The Czech Gypsy minority and its difficult position
A few years ago, an English friend visited my former classmate in Prague and we decided to visit a quarter in Prague called "Nusle". There are several pubs where the customers are almost all Gypsies. We bought two beers each in one of these and then left. In front of this pub there were a few Gypsies of our age or younger. One of them challenged our English friend to lift him up. He did so. The Gypsy expressed surprise that he was so strong and we walked on. Then we asked our friend to check if he still had his wallet; he didn’t. So he went back and asked the Gypsy boy to lift him up. During the lift he fortunately found his wallet in the Gypsy’s pocket and took it back. This time the Gypsy was much more surprised but recognized that his attempt had failed.
Lots of people suspect that every Gypsy wants to rob them of everything possible. For example, when I speak with my father about this problem, he says he would respect them if they worked harder, didn’t steal and didn’t shout so often. There are lots of examples of a Gypsy phoning a company to ask for a job – the "WHITES" agreed, offered the "GYPSY" some sort of job and asked him to come. When he came they refused him – it was clear it is just because of the color of his/her skin and their prejudiced belief that he won’t work well, will always feign illness and so on. It is like a vicious circle from which it is impossible to get off.
Gypsies have been living in the Czech Republic for several centuries, and the majority of people living there never respected them but more or less tolerated them. Most "whites" think that the problematic behaviour of many Gypsies shows, that Gypsies are unable to be full members of our society. The story of Gypsies who are destroying their own flats, is one reference for this statement one can often hear. But most people do not see the Gypsies’ reasons. Firstly, they were traveling beforehand, they made their fires near their maringotka (caravans), sang their songs, danced, had fun, and of course, sometimes they stole chickens and so on. They were and still are very proud that they are Gypsies (or "Romanies" in the current politically correct speech).

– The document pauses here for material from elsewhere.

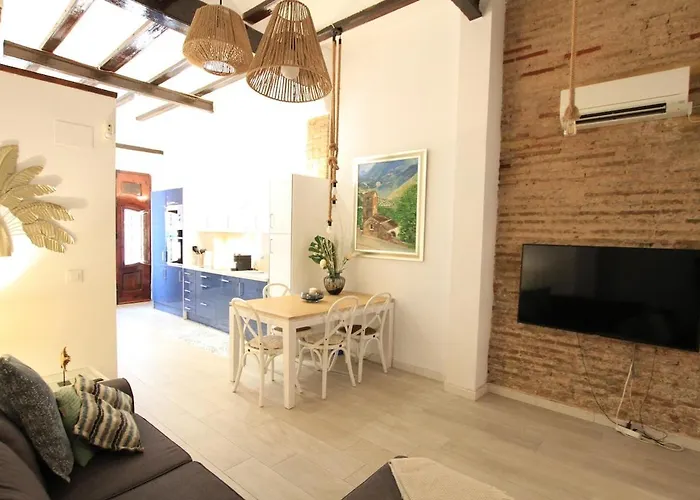 Modernist House In Cabanyal شقة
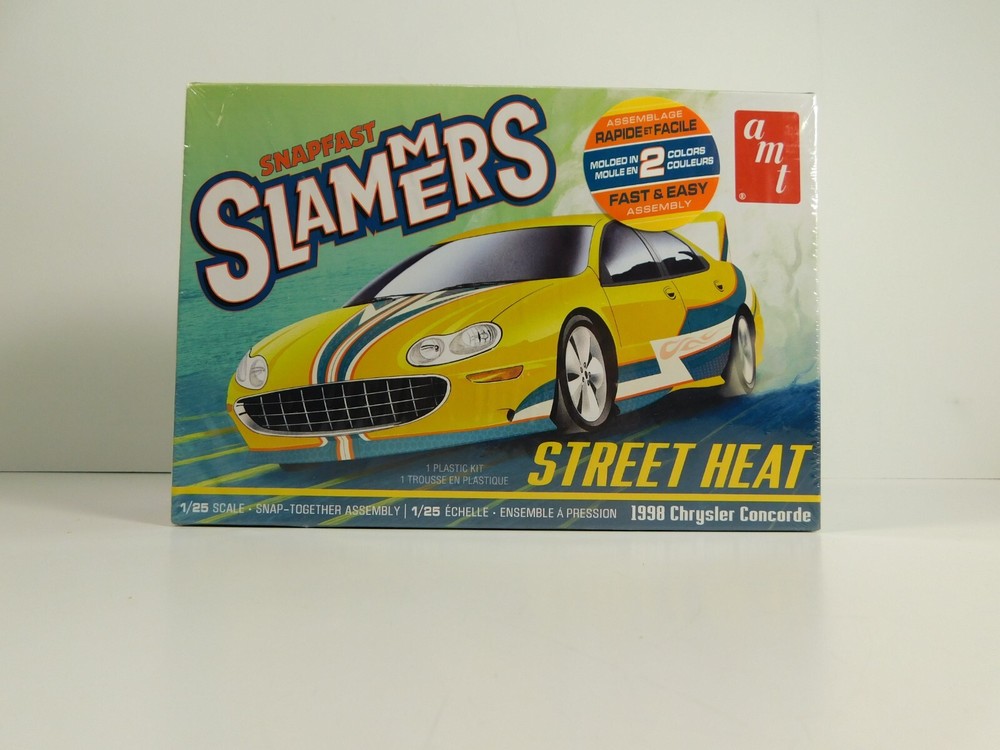 Model Kit 1998 Chrysler Concorde Tuner “Street Heat” AMT Snapfast Slammers 1:25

Communists abolished this way of life by forcing many Gypsies to move into industrialized areas, where Roma were needed as unskilled manual workforce. Other reasons why they destroyed their flats seem very strange to us. For example, there are very different communities of Romanies with mostly very antagonistic relationships, sometimes more severe than between Gypsies and Czechs in general. But it is also difficult to say "Gypsies" and "Czechs" because the majority of Gypsies (maybe 80%) registered themselves in the 1991 census as having Czech nationality.
The Velvet revolution has come to the Gypsies too. Freedom gave Gypsies a possibility to organize freely, to express their will. Maybe the greatest "popularity" of Gypsy issues in the Czech Republic came from the building of a wall between "Noisy Gypsies" and "Quiet Whites". The whole of Europe heard about this community conflict but only a few people realized this is just one example of what happens almost everywhere. For example two days ago I read one article about a pub which is divided into two parts – one for Gypsies and one for whites. And nobody from either side thinks it is bad. It sounds very silly to me. It is very clear that Gypsies have been living here for centuries but we do not understand them at all.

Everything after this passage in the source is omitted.